AIM OF THE EXERCISE
From the entries below, reproduce exactly the lines from the one with "Volkswagen Crafter 2.0" through the one with "Volkswagen Caddy furgone", both included, without images.

SUPPLIED RECORDS
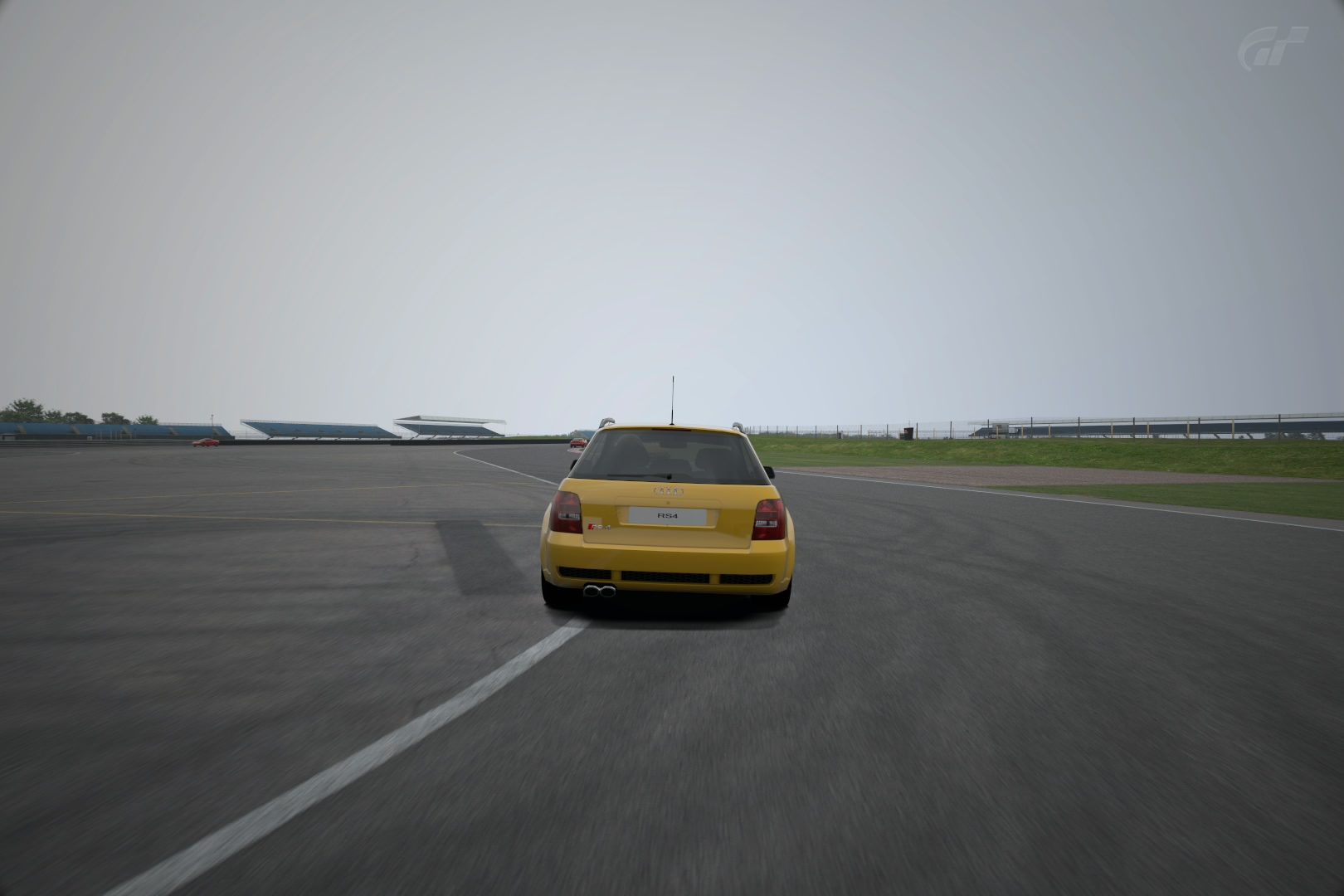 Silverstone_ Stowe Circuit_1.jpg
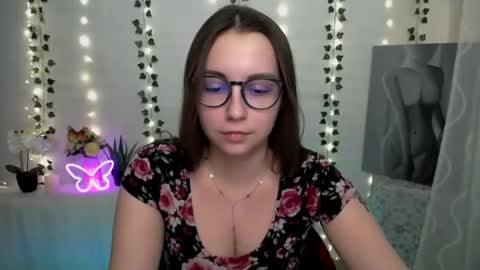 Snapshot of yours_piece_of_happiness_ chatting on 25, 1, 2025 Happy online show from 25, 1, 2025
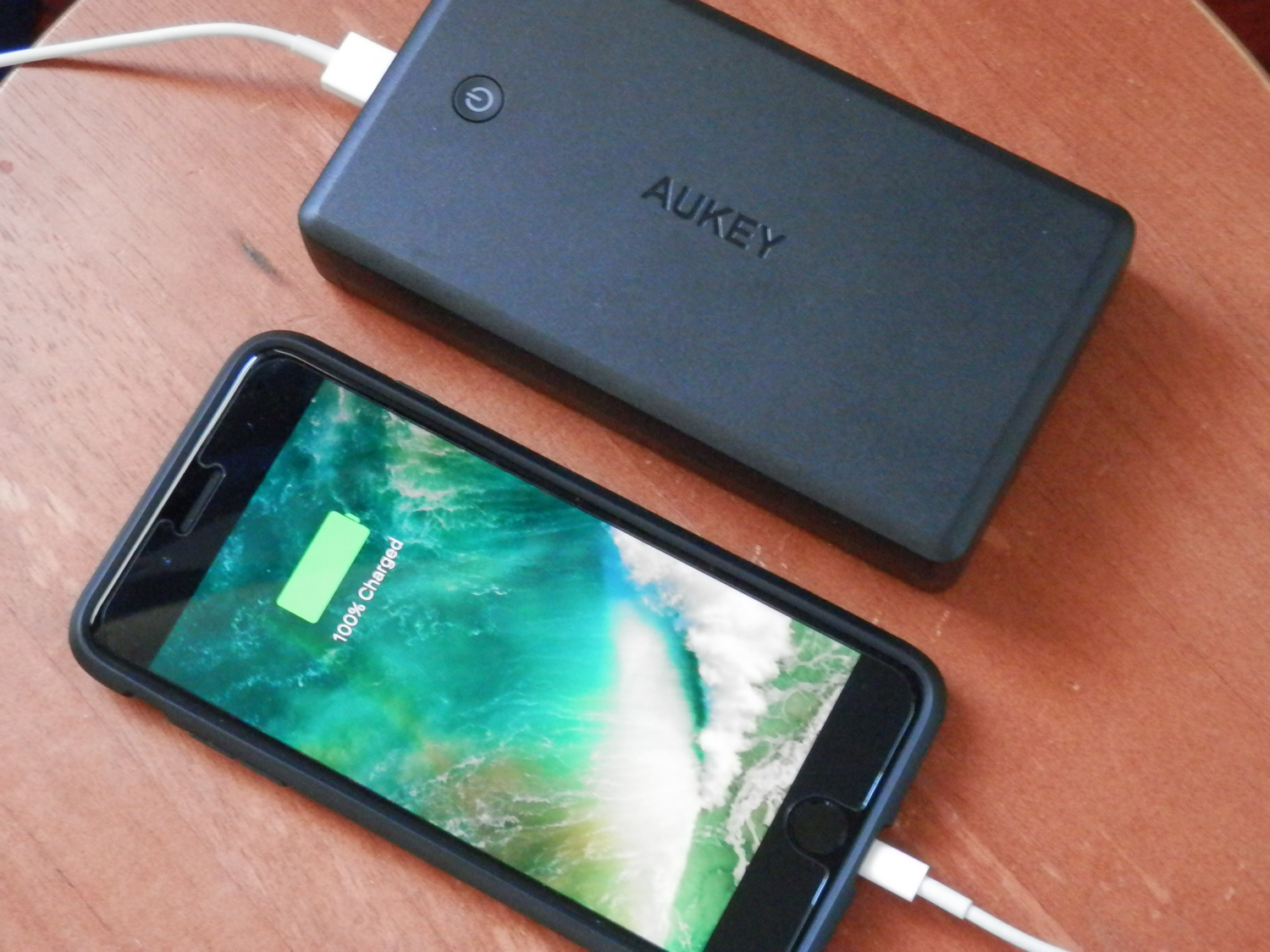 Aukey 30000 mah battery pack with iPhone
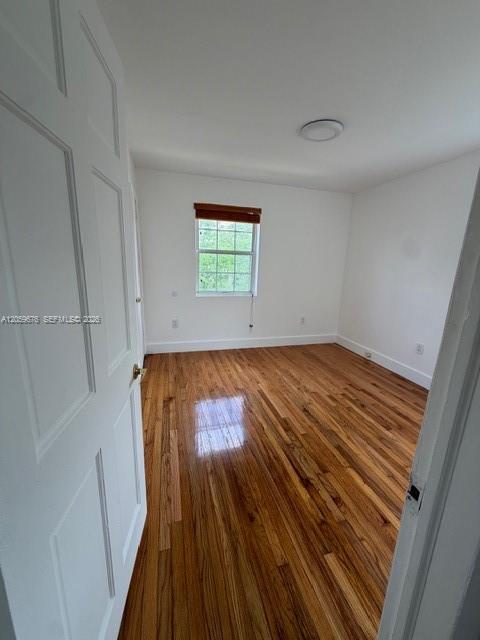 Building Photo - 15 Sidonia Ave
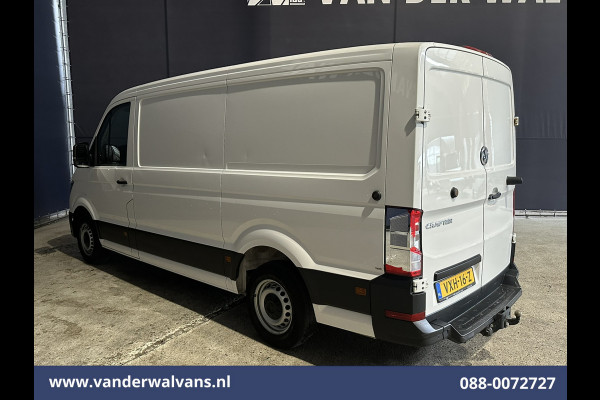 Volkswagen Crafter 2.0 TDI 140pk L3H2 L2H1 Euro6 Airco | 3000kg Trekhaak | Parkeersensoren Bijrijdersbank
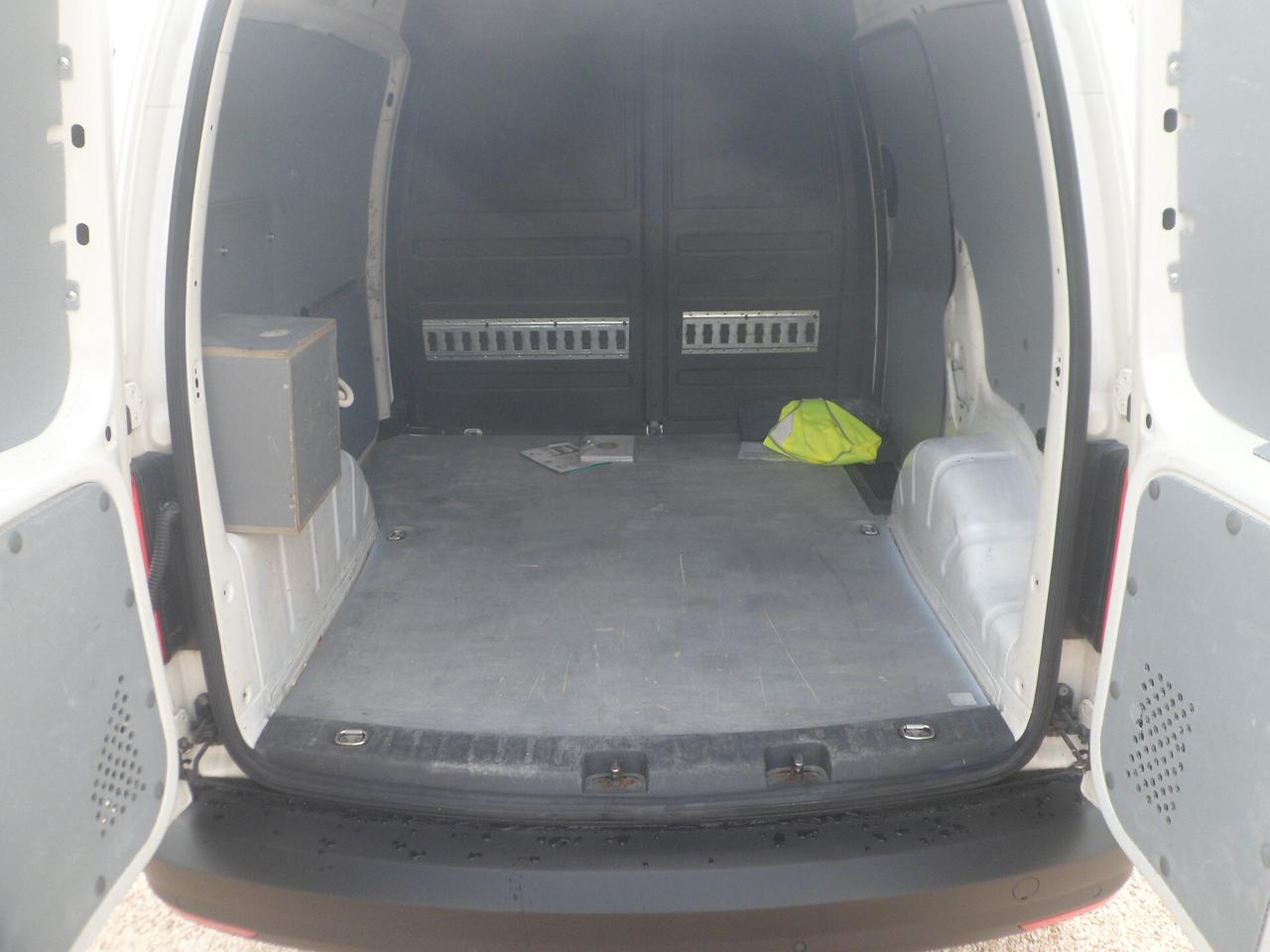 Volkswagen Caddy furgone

==

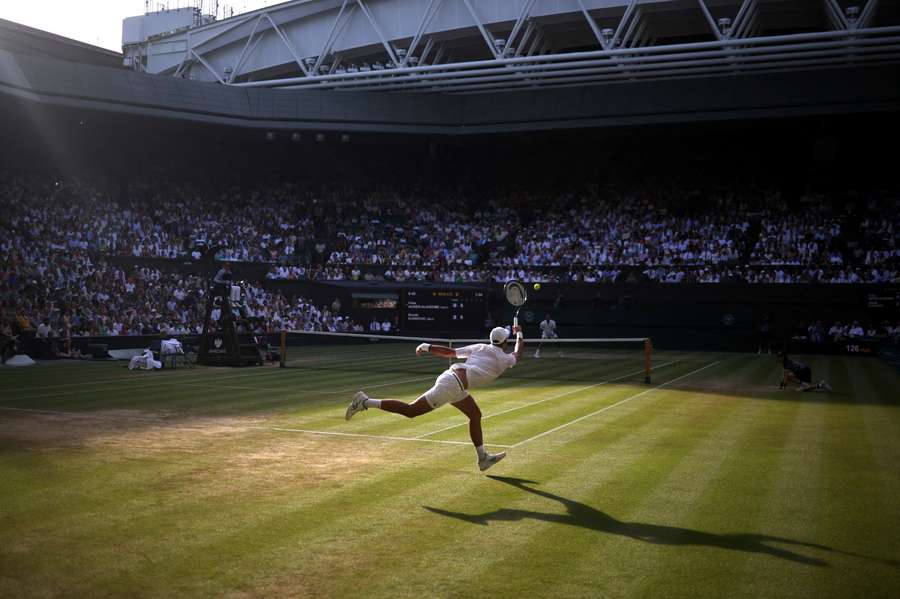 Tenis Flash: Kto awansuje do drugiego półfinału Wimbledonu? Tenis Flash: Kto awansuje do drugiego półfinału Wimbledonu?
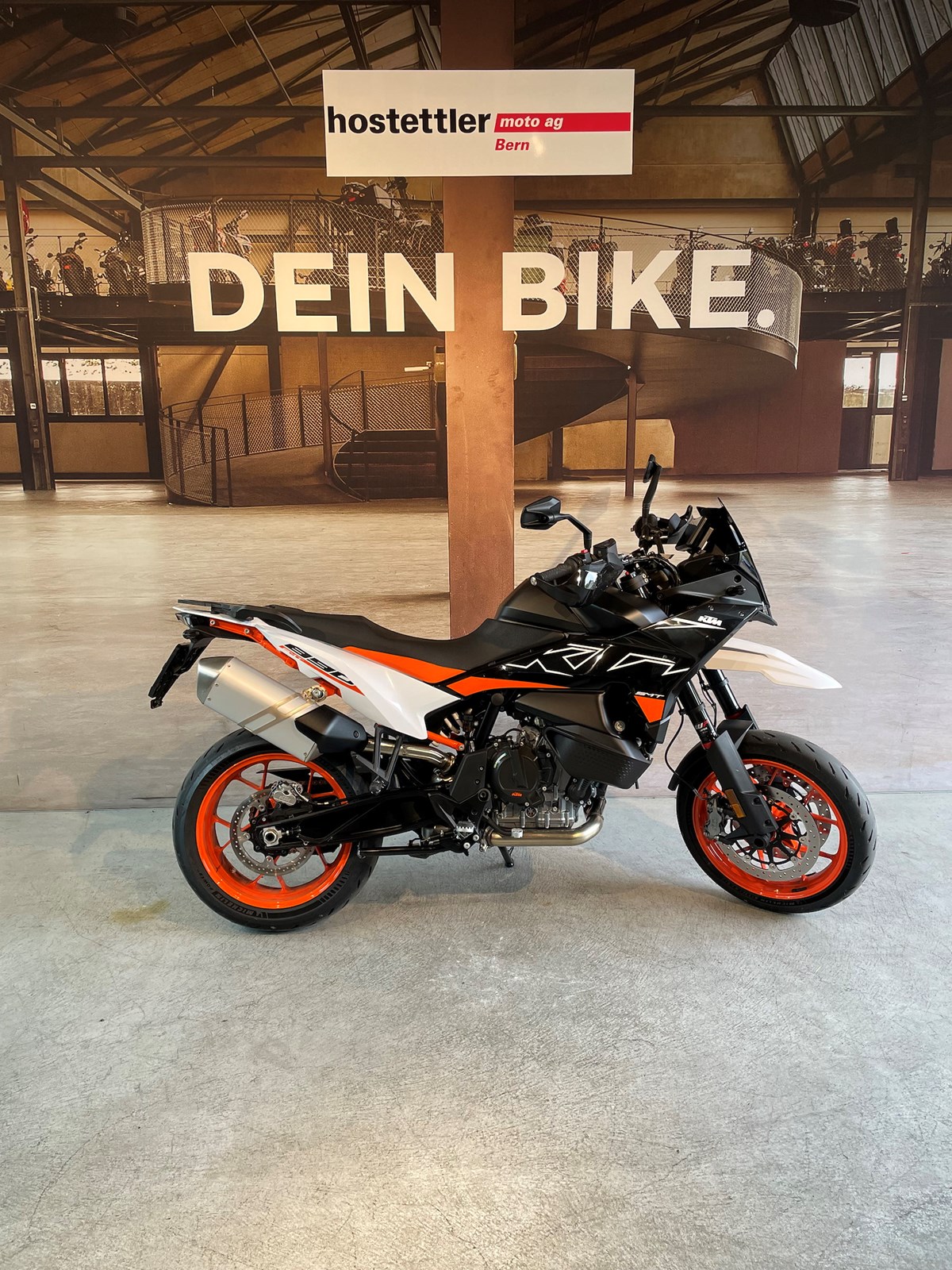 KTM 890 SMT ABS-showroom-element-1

YOUR SOLUTION
 Volkswagen Crafter 2.0 TDI 140pk L3H2 L2H1 Euro6 Airco | 3000kg Trekhaak | Parkeersensoren Bijrijdersbank
 Volkswagen Caddy furgone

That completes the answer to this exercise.